И самое почётное место в моем небольшом личном архиве занимает пожелтевший листок с выцветшим машинописным текстом и поблекшей печатью — выписка из приказа, в котором начальник отдела лётных испытаний ЦАГИ объявлял мне благодарность (первая благодарность!) за чёткие действия в усложнённых условиях полёта и успешное выполнение расчёта на посадку с вынужденно выключенным мотором.

А причина всего происшествия оказалась простой: в одной из качалок системы управления газом был внутренний порок материала, и от неизбежных в полёте вибраций качалка в один прекрасный момент разрушилась.

Несколько дней я ходил, высоко задрав нос, и небрежно отвечал изнывающим от белой зависти однокашникам, что, мол, да, удалось машину посадить. Нет, не особенно трудно. Конечно, мог бы, если придётся, повторить ещё раз. Смогли бы они справиться так же на моем месте? Что за вопрос: разумеется, смогли бы!

Самое забавное, что все эти столь картинно изрекаемые мной истины оказались чистой правдой. И повторять подобные вещи (причём в вариантах, по всем статьям несравненно более трудных) пришлось не раз. И сама трудность эта перестала замечаться. И на долю каждого из нас — в то время молодых испытателей — таких происшествий досталось, во всяком случае, значительно больше, чем нам в дальнейшем хотелось бы.

* * *

Незаметно со дня первого полёта, выполненного мной в качестве лётчика-испытателя, прошло около трех лет.

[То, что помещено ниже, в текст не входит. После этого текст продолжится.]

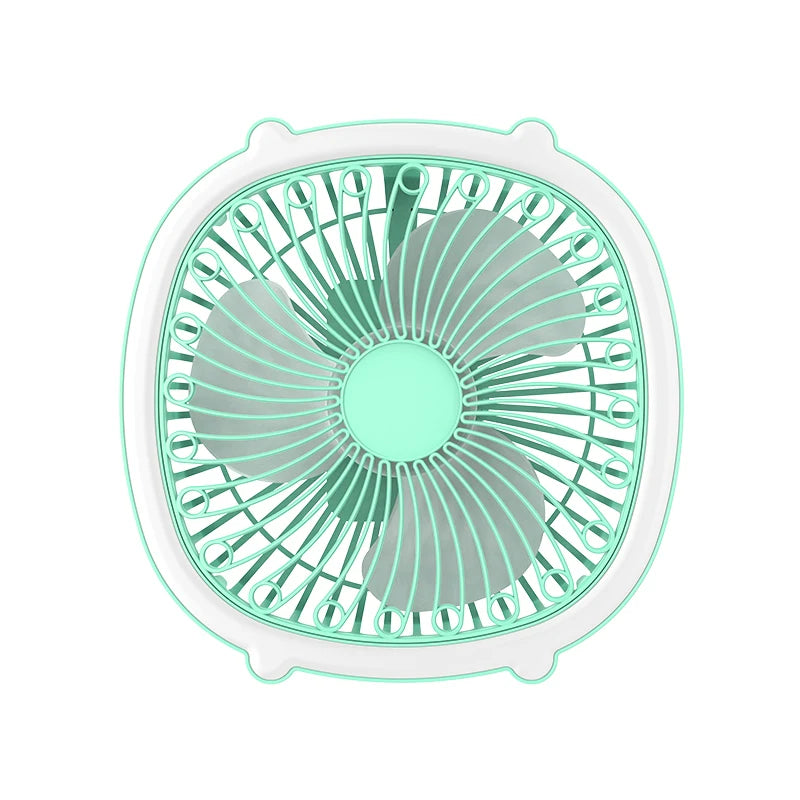 Summer Battery Charging Air Cooling Usb Portable Electric Table Rechargeable Fans Mini Small air Battery Ceiling Fan
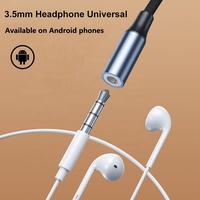 Câble adaptateur audio USB-C USB C Type C mâle à 3.5 MM 3.5 MM femelle Jack casque écouteur micro câble adaptateur audio stéréo auxiliaire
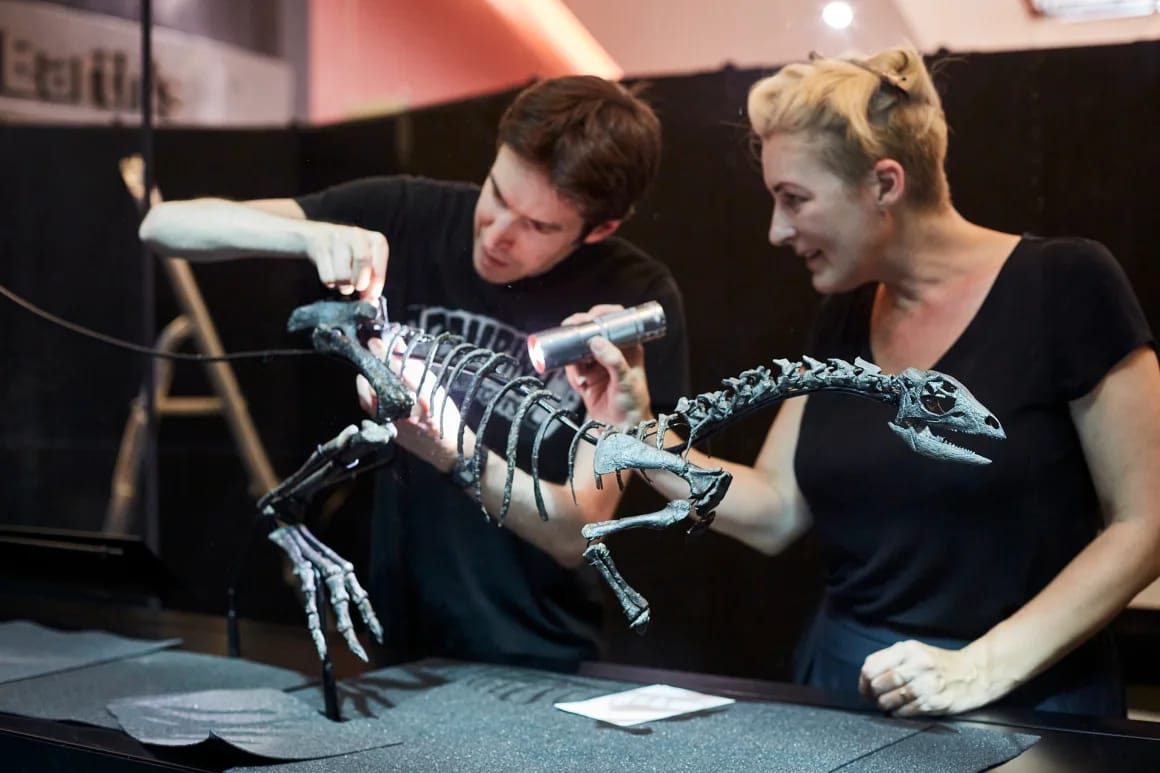 Ученые обнаружили новый вид динозавра размером с собаку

Это были непростые, бурные, во многом горькие, трагические годы в жизни нашей страны. А за рубежом именно в эти годы развернулись тревожные, грозные события: фашистский мятеж в Испании, нападение японских империалистов на Китай, провокации японцев на дальневосточных границах СССР и союзной нам Монголии.

Излишне говорить, как нас тянуло туда, где шёл первый бой с фашизмом.

Но отбор добровольцев производился исключительно строгий: из десятков желающих разрешали ехать одному.

Через некоторое время, узнав о выдающихся боевых успехах наших добровольцев, мы наивно удивлялись мудрости людей, отобравших их среди тысяч подавших рапорты. И только впоследствии, уже в дни Великой Отечественной войны, мне стало ясно, что дело тут было вовсе не в какой-то особенной проницательности или глубоком знании людей. Просто общий уровень профессионального мастерства, гражданских и моральных качеств нашего лётного состава был достаточен для того, чтобы едва ли не любой строевой лётчик, получивший разрешение принять участие в первых боях с фашизмом, не ударил бы, что называется, лицом в грязь.